↓
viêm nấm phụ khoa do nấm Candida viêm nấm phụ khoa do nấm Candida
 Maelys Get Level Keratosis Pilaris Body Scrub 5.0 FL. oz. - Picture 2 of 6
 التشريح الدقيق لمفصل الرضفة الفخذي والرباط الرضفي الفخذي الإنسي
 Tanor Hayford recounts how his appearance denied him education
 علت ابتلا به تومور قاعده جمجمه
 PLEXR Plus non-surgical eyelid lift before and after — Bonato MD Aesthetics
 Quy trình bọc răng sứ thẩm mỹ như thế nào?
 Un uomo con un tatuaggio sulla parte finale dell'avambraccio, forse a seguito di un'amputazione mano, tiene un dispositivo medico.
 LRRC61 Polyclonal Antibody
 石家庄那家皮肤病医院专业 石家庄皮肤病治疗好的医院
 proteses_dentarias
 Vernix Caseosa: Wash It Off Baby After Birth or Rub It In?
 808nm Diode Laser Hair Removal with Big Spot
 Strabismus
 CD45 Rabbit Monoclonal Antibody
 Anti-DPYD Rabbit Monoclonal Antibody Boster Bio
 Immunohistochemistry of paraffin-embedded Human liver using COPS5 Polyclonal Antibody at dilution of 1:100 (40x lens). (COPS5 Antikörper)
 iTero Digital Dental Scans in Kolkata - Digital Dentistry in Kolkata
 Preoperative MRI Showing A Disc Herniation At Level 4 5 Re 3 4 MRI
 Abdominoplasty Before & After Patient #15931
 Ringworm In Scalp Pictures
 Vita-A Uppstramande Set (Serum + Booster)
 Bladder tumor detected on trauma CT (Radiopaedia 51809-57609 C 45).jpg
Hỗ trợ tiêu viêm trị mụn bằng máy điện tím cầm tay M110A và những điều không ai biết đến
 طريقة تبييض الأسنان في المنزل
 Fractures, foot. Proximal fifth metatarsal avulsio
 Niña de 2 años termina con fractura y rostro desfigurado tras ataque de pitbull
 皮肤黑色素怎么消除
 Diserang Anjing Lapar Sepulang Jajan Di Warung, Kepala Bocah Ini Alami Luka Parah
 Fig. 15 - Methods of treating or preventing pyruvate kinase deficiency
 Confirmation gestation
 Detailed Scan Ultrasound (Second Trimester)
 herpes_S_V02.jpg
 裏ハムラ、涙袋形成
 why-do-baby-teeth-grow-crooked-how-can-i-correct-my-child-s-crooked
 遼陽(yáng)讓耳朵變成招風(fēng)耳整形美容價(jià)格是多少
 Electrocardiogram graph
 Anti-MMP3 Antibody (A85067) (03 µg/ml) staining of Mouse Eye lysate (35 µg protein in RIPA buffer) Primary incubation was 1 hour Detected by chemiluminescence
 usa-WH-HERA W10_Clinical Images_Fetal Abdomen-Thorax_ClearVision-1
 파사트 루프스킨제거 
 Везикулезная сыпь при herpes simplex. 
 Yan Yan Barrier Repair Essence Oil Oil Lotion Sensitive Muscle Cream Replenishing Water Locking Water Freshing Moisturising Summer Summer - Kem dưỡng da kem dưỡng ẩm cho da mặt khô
↑
How to complete this task: The required output is the stretch of entries above from the line containing "Diserang Anjing Lapar" through the line containing "Electrocardiogram graph", reproduced exactly.

Response to the task:
 Diserang Anjing Lapar Sepulang Jajan Di Warung, Kepala Bocah Ini Alami Luka Parah
 Fig. 15 - Methods of treating or preventing pyruvate kinase deficiency
 Confirmation gestation
 Detailed Scan Ultrasound (Second Trimester)
 herpes_S_V02.jpg
 裏ハムラ、涙袋形成
 why-do-baby-teeth-grow-crooked-how-can-i-correct-my-child-s-crooked
 遼陽(yáng)讓耳朵變成招風(fēng)耳整形美容價(jià)格是多少
 Electrocardiogram graph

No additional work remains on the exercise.